Dormir en la era, después de haber ido a dar de beber a los caballos a la charca, montado uno en cada uno, eso si, a pelo, al estilo indio, como mucho, con un enjalmo, pero, porque nos obligaban nuestras madres, para no mancharnos del sudor de los caballos, después de su duro día de faena. y comprobar la satisfacción que sentían los caballos luego de haber terminado la tarea y de haber bebido ¿Verdad Albino? ¿Cómo hacen los caballos cuando terminan de beber en la charca? Te preguntará, con reiteración, mi hermano Vicente, y tú repetirás, sin vacilar, esa onomatopeya de los resoplidos de los caballos y tu cara, y la de todos, reflejará la alegría al acordarte de ese momento pasado que algunos tuvimos el privilegio de conocer, el de la niñez en libertad, en contacto con la naturaleza, cuando nos escapábamos de casa a la hora de la siesta y nos íbamos a nidos, para después bañarnos desnudos, en pelete, en la charca, bueno, algunas veces, algunos, llevábamos una braga de nuestra hermana ¿Verdad Telesforo?

Dormir en la era después de experimentar esa sensación de libertad, cómo es la de bañarse desnudo, y sobre todo cuando lo hacíamos de noche en la charca del Coto, con el sonido del croar de las ranas al fondo y que en un momento se callaban, y se hacía el silencio, cuando el primero de nosotros se sumergía en el agua cálida y acogedora de una noche de claro de luna.

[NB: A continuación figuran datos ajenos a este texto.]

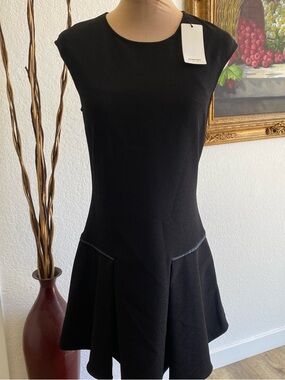 Black Mini Dress with Pleated Skirt and Cap Sleeves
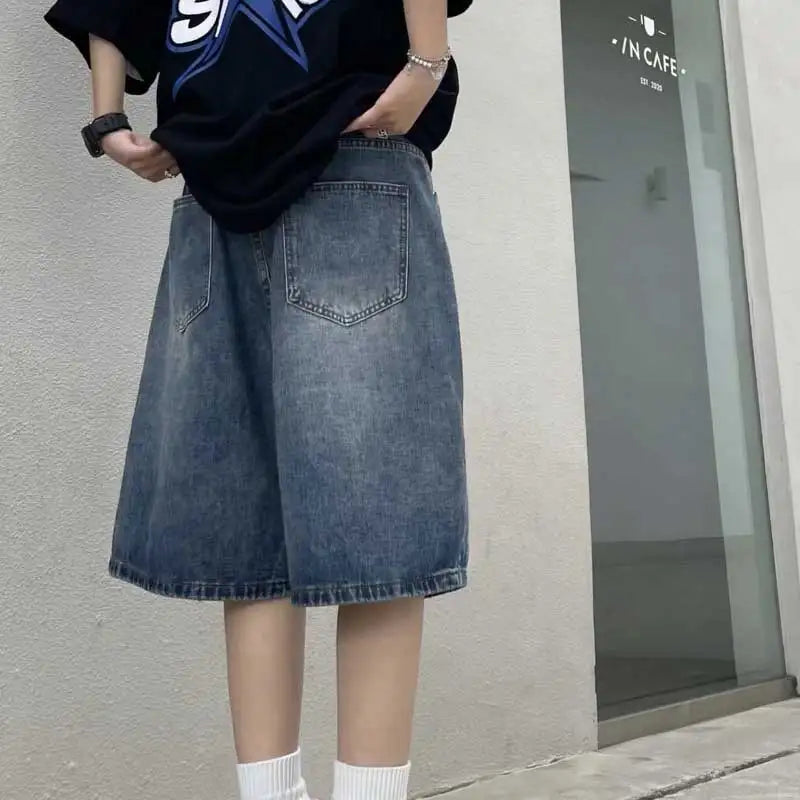 High Street Retro Blue Jeans Shorts Women Summer New Baggy Wide Leg - Jeetskee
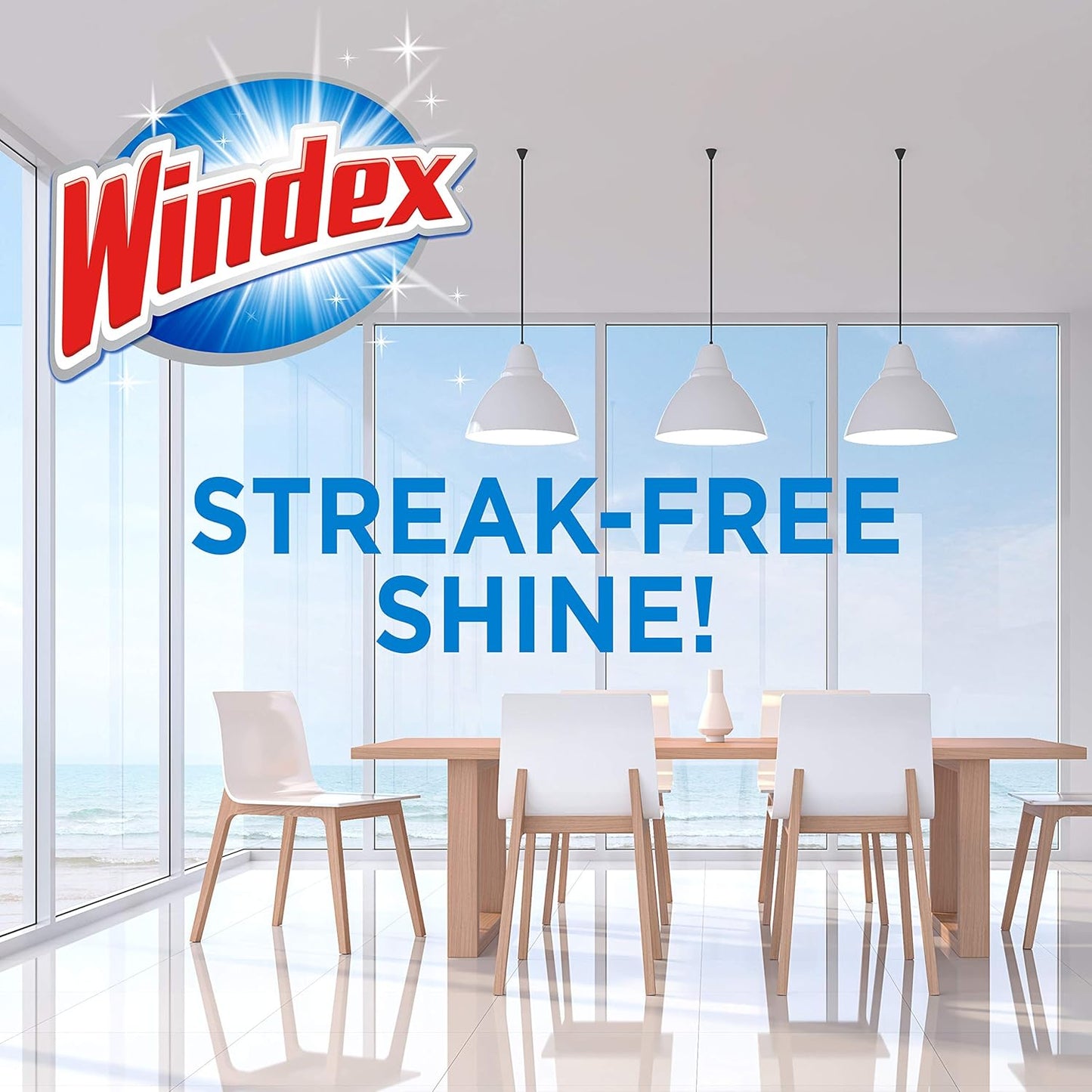 Windex Glass and Surface Ammonia-Free Pre-Moistened Wipes, Crystal Rain Fresh Scent, 25 Count (Pack of 2)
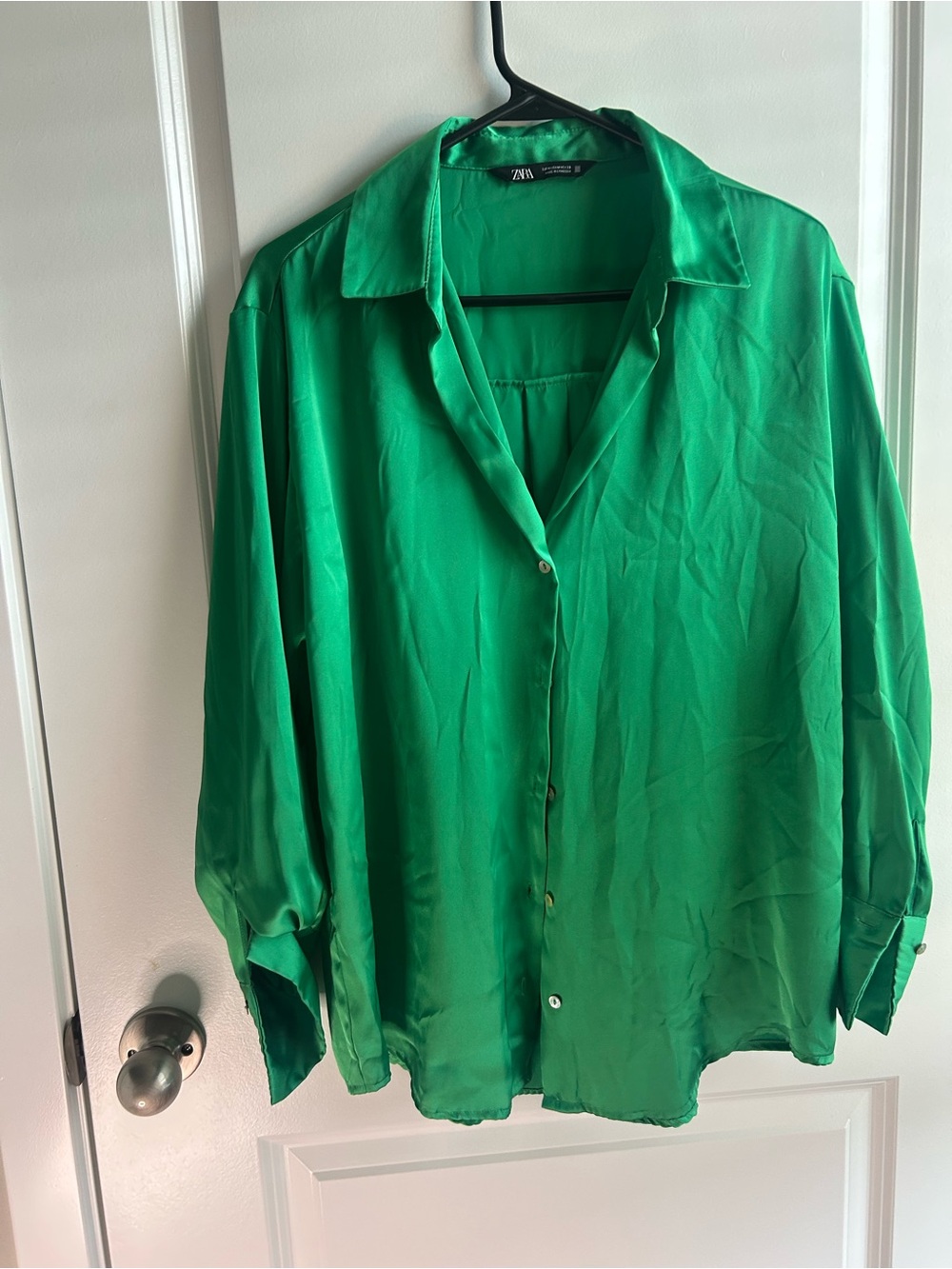 Zara Green Satin Button-Down Shirt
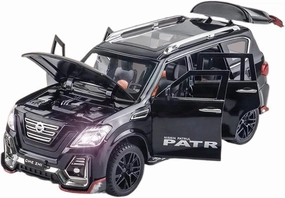 Toy car Model 1:24 for Nissan Patrol Alloy Car Model Light Sound Effect Diecast Car Toys for Gift (Color : Black)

Dormir en la era, teniendo como colchón la mullida parva, con el aire de la madrugada perfumado por la mies dándote en la cara, sin paredes, al raso, pero teniendo como techo, la bóveda inconmensurable, sublime, estrellada y constelada de la Vía Láctea, el mejor marco posible para los sueños de una noche de verano, sueños de niños, puros e incontaminados, los sueños, los niños y la atmósfera.